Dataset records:
----
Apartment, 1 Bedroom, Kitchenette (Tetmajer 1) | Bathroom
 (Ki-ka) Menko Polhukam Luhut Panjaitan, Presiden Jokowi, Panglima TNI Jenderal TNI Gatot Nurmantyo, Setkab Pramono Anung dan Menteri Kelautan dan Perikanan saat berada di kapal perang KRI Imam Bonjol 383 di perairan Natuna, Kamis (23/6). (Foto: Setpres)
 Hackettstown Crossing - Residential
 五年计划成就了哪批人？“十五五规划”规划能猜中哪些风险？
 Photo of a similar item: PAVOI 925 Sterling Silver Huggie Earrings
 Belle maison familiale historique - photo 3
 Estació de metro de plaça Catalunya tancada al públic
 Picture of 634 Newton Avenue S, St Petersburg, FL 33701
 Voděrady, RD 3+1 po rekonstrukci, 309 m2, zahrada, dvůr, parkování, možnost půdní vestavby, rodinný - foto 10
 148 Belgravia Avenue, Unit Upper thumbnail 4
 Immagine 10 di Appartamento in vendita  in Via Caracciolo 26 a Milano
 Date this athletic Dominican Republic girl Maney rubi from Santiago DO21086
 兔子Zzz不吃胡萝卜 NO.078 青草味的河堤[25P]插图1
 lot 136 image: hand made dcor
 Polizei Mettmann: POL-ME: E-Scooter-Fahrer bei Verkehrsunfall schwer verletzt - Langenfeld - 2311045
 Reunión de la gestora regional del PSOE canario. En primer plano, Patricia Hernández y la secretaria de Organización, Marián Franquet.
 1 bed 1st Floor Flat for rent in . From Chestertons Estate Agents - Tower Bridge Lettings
----
Work instruction: Every line holding the word "Avenue" should be copied out of the records above.

Answer box:
 Picture of 634 Newton Avenue S, St Petersburg, FL 33701
 148 Belgravia Avenue, Unit Upper thumbnail 4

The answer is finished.